(Bloomberg) -- A top-five investor in Skechers USA Inc. is calling on the footwear company to make changes that it believes could create billions of dollars in value for investors.
Tremblant Capital Group, which owns more than 5% of Skechers, wrote to the company’s board Wednesday urging it to collapse Skecher’s dual-class share structure, start an aggressive share buyback program, pay a dividend and improve its communication with investors.
While New York-based Tremblant praised the controlling Greenberg family’s management of the brand, it raised concerns about whether the family’s interests are fully aligned with shareholders, a mismatch that it said contributes to Skecher’s shares trading at a significant discount to peers.
Tremblant urged Skechers to return some of the $1.18 billion in cash and cash equivalents it had at the end of the third quarter to shareholders.
“We believe once these concerns are addressed, shareholders will likely feel so aligned with management and the Greenberg family that unease around the founding family dynamics will dissipate, driving the multiple higher and creating tremendous value for shareholders,” Tremblant Chief Executive Officer Brett Barakett, wrote in the letter, which was also signed by Austin Stephen and Bryan Walsh. A copy of the letter was viewed by Bloomberg News.
Shares of Skechers have gained about 25% this year. They closed Tuesday at $44.92 each, down 3.4% on the day, giving the company a market value of about $7 billion.
A representative for Skechers wasn’t immediately available for comment.
Manhattan Beach, California-based Skechers, which designs and markets casual and sporty footwear and clothing, had annual sales of $4.6 billion last year and shipped 163 million pairs of shoes, according to its website. Its first product -- a men’s logger boot -- was launched at the height of the grunge trend in 1992.
Despite Skechers’ revenue growth outpacing rivals like Nike Inc., Adidas AG and Puma SE, Tremblant has lingering concerns around volatile costs, and said the lack of a dividend, buyback or any capital markets days drags on the stock. The firm also recommended that Skechers should hire an internal investor relations professional.
Tremblant said that if its suggestions were implemented, they could add $4 billion in incremental value to the Greenberg’s $1.1 billion stake over the next decade. The family controls more than 60% of the voting power in Skechers.

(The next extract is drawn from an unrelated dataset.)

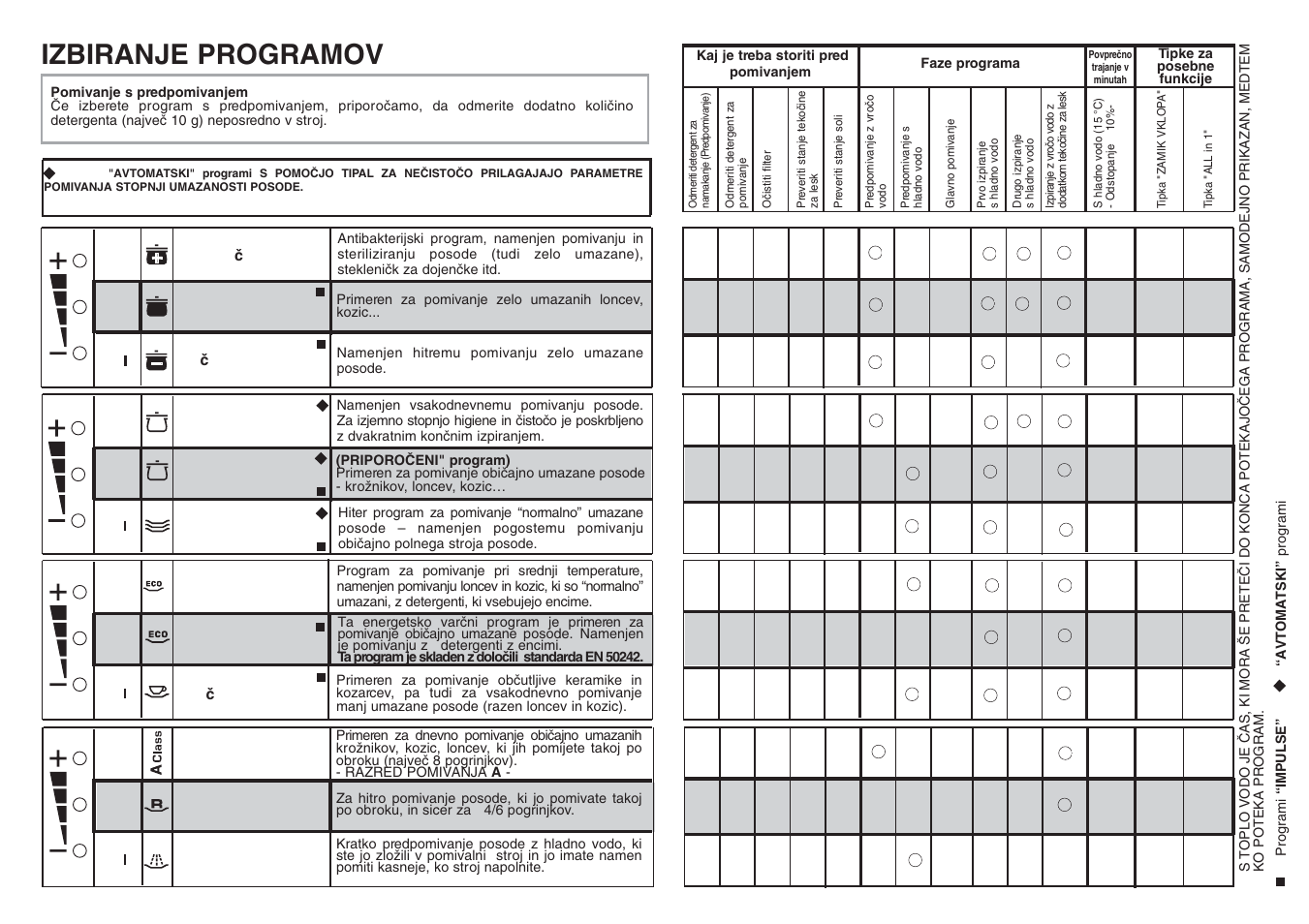 Candy CDF8 85E10-S User Manual | Page 10 / 33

While Tremblant said that the largest overhang on Skechers’ stock is its dual-class share structure, it also wants the company to buy back 40% of its stock over the next decade. That could provide a 60% uplift on earnings per share in 2030, and is more attractive than any potential acquisitions, the firm wrote.
“This creates an opportunity to generate many billions of dollars in value for the Greenberg family and other shareholders through thoughtful capital allocation that focuses on maximizing long-term shareholder value,” the trio wrote in the letter.
Skechers is considering strategic options for its Asia business, including an initial public offering that could raise about $1.5 billion, Bloomberg News reported in October.
Tremblant, with more than $3 billion in assets under management, isn’t a traditional activist and prefers to keep its discussions with the companies it invests in behind closed doors. The global asset manager was founded in 2001 by Barakett.